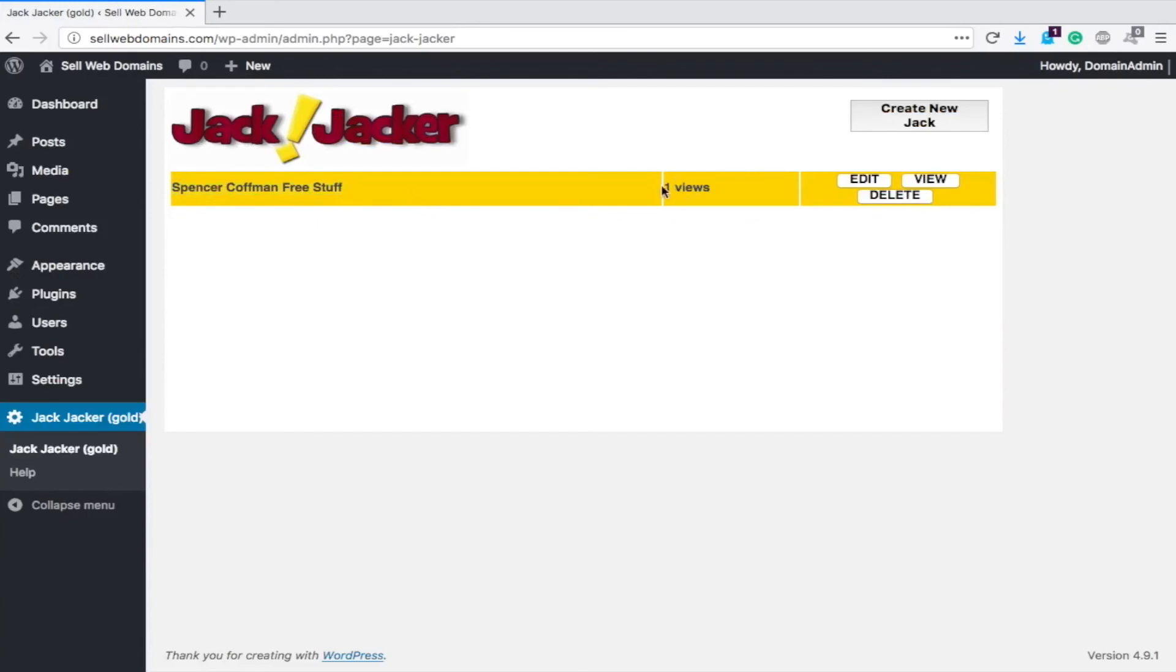One view, that means someone clicked on it once. Very simple plugin, very easy to use. It works well, it helps keep people on your site while showing them other content. You can link them to anywhere you want. If this is something you're interested in, it's a great plugin to have.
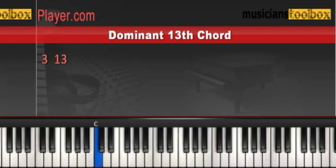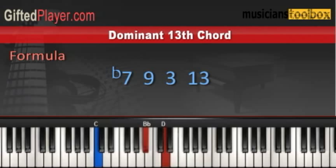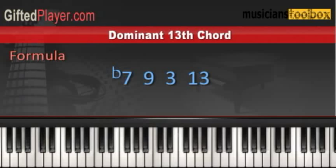Of course, I have C in the root and my formula is a flat 7, 9, 3, 13. C13.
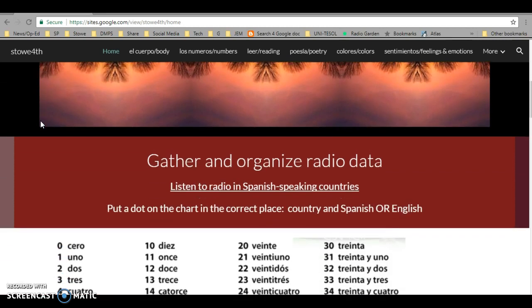This red part gives you what the job is for this week. This week you're going to gather and organize radio data.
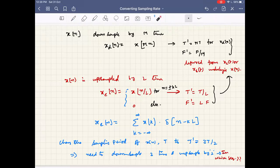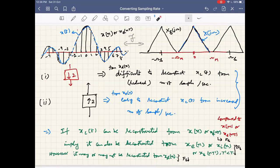We have seen in the last class the time domain equations for down sampling and up sampling respectively. For down sampling, the time period increases while the frequency decreases for the down-sampled signal compared to the original signal sampled from x_c(t). Similarly, when we do expansion or up sampling, we increase the number of samples per second by effectively placing zeros or interpolation in between the samples of a given x(n), and we have seen the effect on what shall happen in the frequency domain when we do either expansion or down sampling.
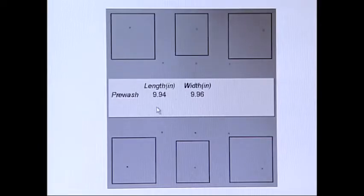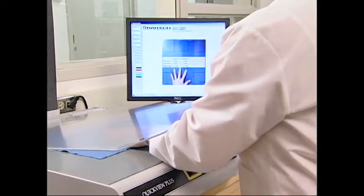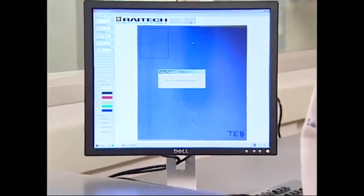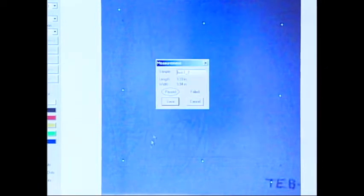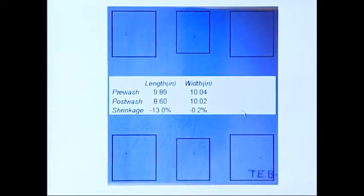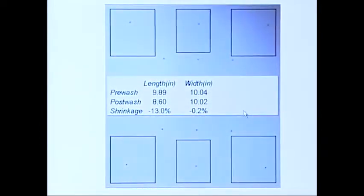This specimen's data shows actual benchmark averages prior to laundering of 9.94 inches length and 9.96 inches width. After laundering and conditioning, each specimen is again properly located on the viewing table and the plexiglass cover is lowered. The imaging system approximately locates the benchmarks, the operator then clicks onto the actual benchmarks, and a mouse click sets in motion the immediate calculation of dimensional change. In this example, the blue knit fabric has actually shrunk 13.0% in length and 0.2% in width.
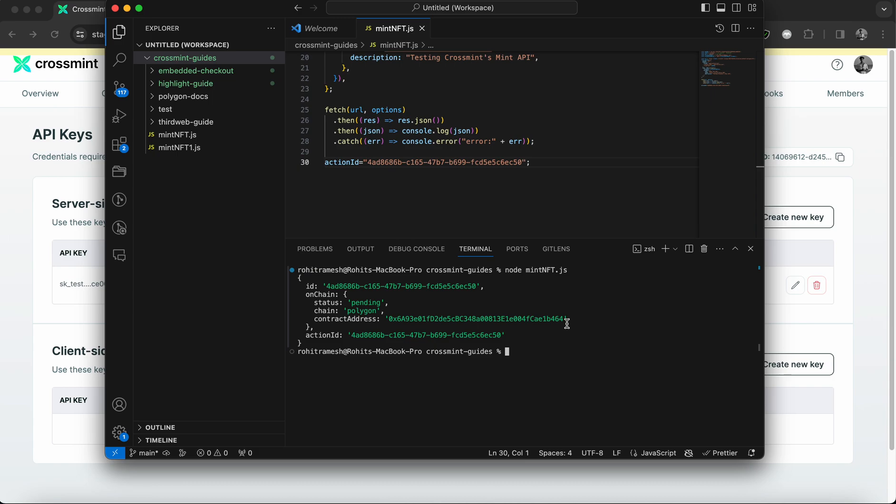So you simply need to go to crossmint.com and log in with the same email that the NFT was minted to. And you can find your NFT there.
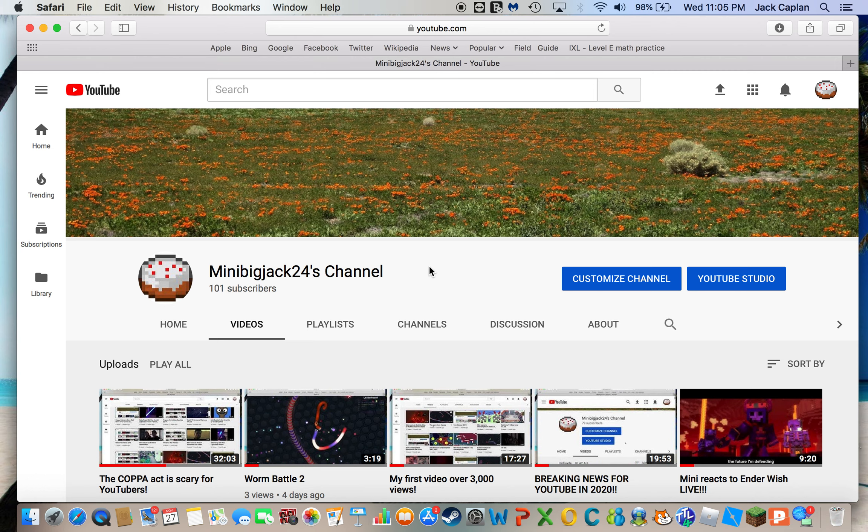I didn't realize that it was almost over my time limit for an episode on MiniBigJack24's channel. But also, at the same time, I do need to mention...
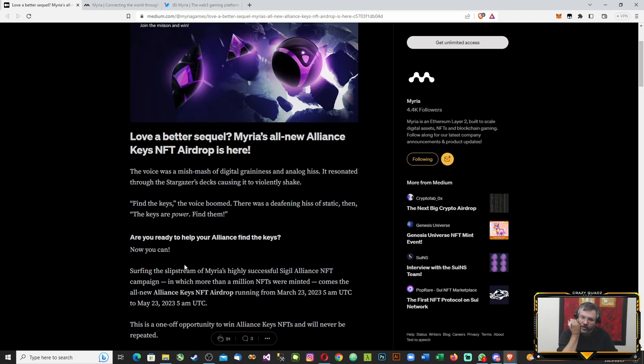Are you ready to help your Alliance find the keys? Surfing the slipstream of Myria's highly successful Sigil Alliance NFT campaign, in which more than a million NFTs were minted, comes the all new Alliance Keys NFT airdrop running from March 23rd to May 23rd.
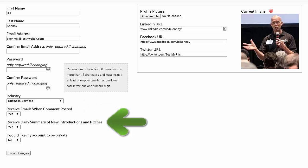Receive daily summary of new introductions and pitches. Leaving this set to yes will allow you to receive notification when there are new pitches in your community.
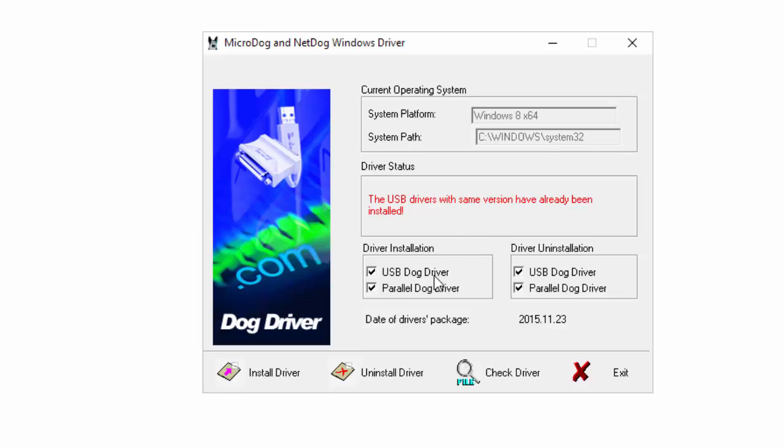If you do not have a parallel port on your computer, which is for an older printer, please remove the check mark in your parallel dog driver options here.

■ ■ ■ ■ ■

Pictures stay out. Transcribe the lines from the start of the entries above through the line with "Of course, I", exactly.

One view, that means someone clicked on it once. Very simple plugin, very easy to use. It works well, it helps keep people on your site while showing them other content. You can link them to anywhere you want. If this is something you're interested in, it's a great plugin to have.
Of course, I have C in the root and my formula is a flat 7, 9, 3, 13. C13.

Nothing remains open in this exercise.